The internet has made possible what power structures have tried and, usually, failed to do throughout the history: knowing everything there is to know about their citizens. Now there is no need for anyone to ask us for information – we gladly give it away and we are doing this in larger and larger numbers.
Think about the first time you’ve connected to the internet: the sheer amount of information available was dazzling. You could travel the world in a few seconds without leaving your home. Everything other human being seemed closer than ever and things looked pretty safe as you were just one of the other millions of people connected to the internet. Anonymity instilled a sense of freedom that was not possible in the real life.

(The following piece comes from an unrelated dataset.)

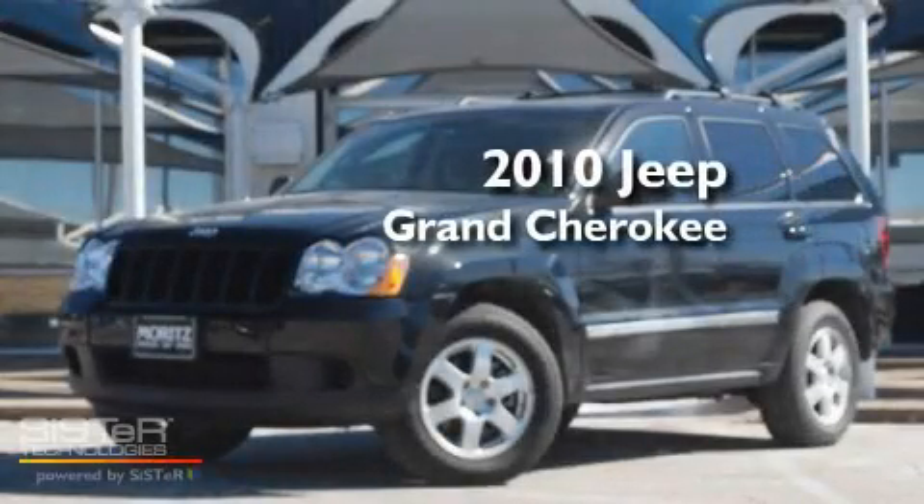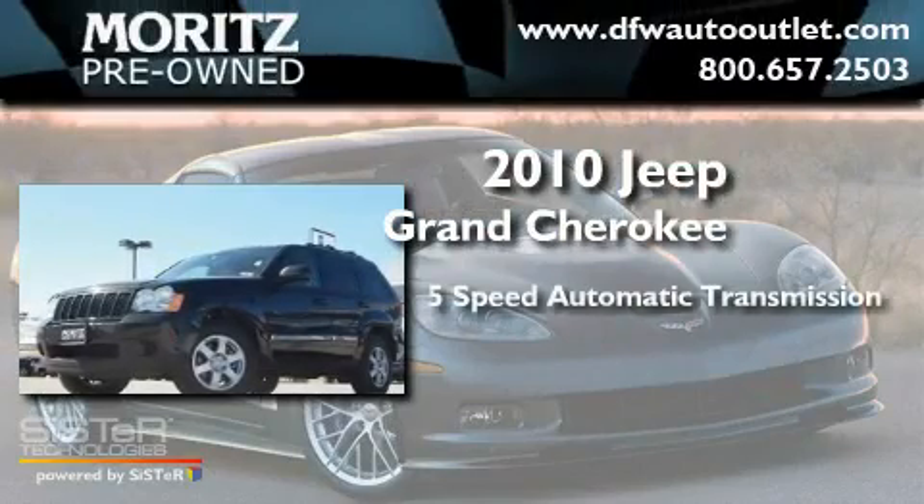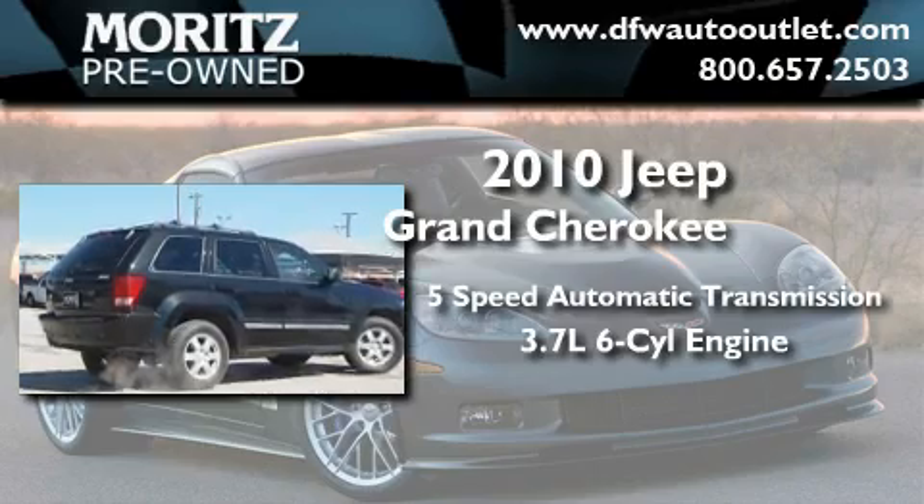This is a 2010 Jeep Grand Cherokee. This SUV has a 5-speed automatic transmission and a 3.7-liter V6.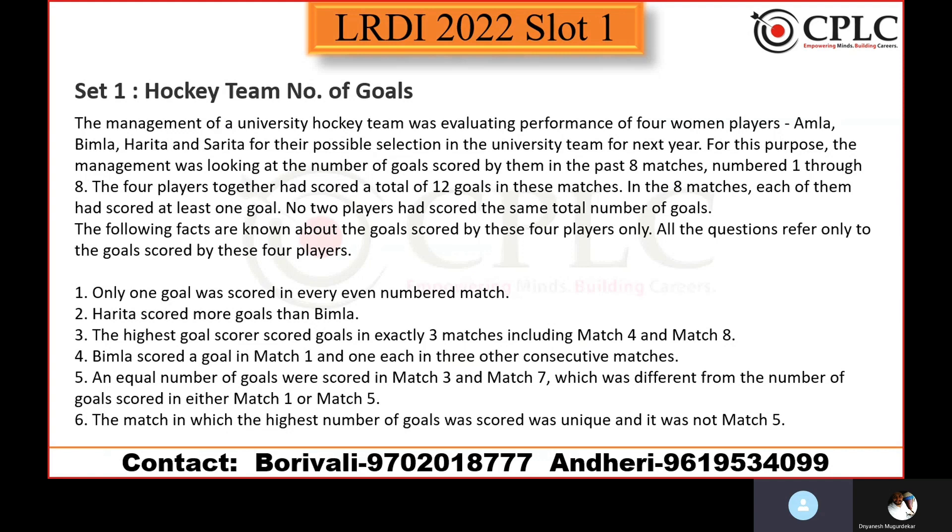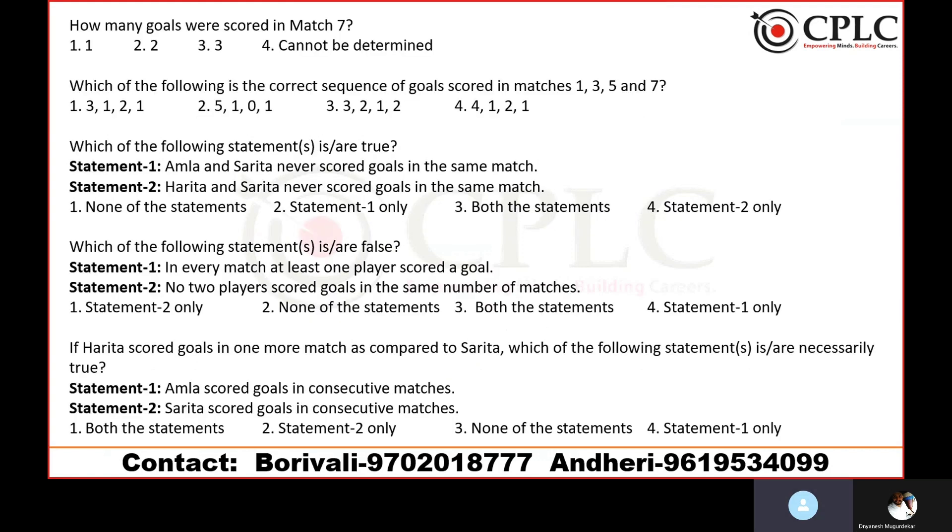There are four MCQ questions associated with this set. Let's jump into solving. A total of 12 goals were scored across eight matches. Each player scored at least one goal and all totals are different, so we need to break 12 goals among four players. The possible breakups are either 1, 2, 3, 6 or 1, 2, 4, 5.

Years have passed, the internet improved, the number of internet connected users increased exponentially and some companies started wondering – who are this users and how can we find out more about them? Apparently – pretty much.
We had a look at how companies use large data to improve their marketing efforts. Facebook and Google are some of the biggest data-handlers in the world and by offering free web services such as social networking or search these companies gather hundred of millions of users on a daily basis. These users have certain interests, profiles, friend connections and are willing to give away all this information without much thought.
If, say, a Coca-Cola representative would approach us on the street and started asking us questions regarding personal data, interests in different areas,information about our friends we would be rather skeptical, wouldn’t we?
Actually that’s what basically happens every time we search something on Google, update our Facebook profile, read an article on the web or simply send an email. Even though some information is anonymized, even though there are laws that may interfere with privacy breaches, the truth is there are some companies that hold real time information on large masses, information that can be used either at a macro or micro scale. From individuals to countries such companies know a lot of things and became increasingly good at harnessing the power that lies in these bits of data.
Micro and macro implications
On a micro level individuals basically offer some of their most intimate information to companies that use it for marketing purposes. There is a saying stating that “if you are not sold anything, you are the product being sold”. That holds true to both companies mentioned above. There is no secret Facebook and Google make most of their revenues through advertising. To help increase advertising efficiency both companies need to know as many things as possible about the person viewing the ad.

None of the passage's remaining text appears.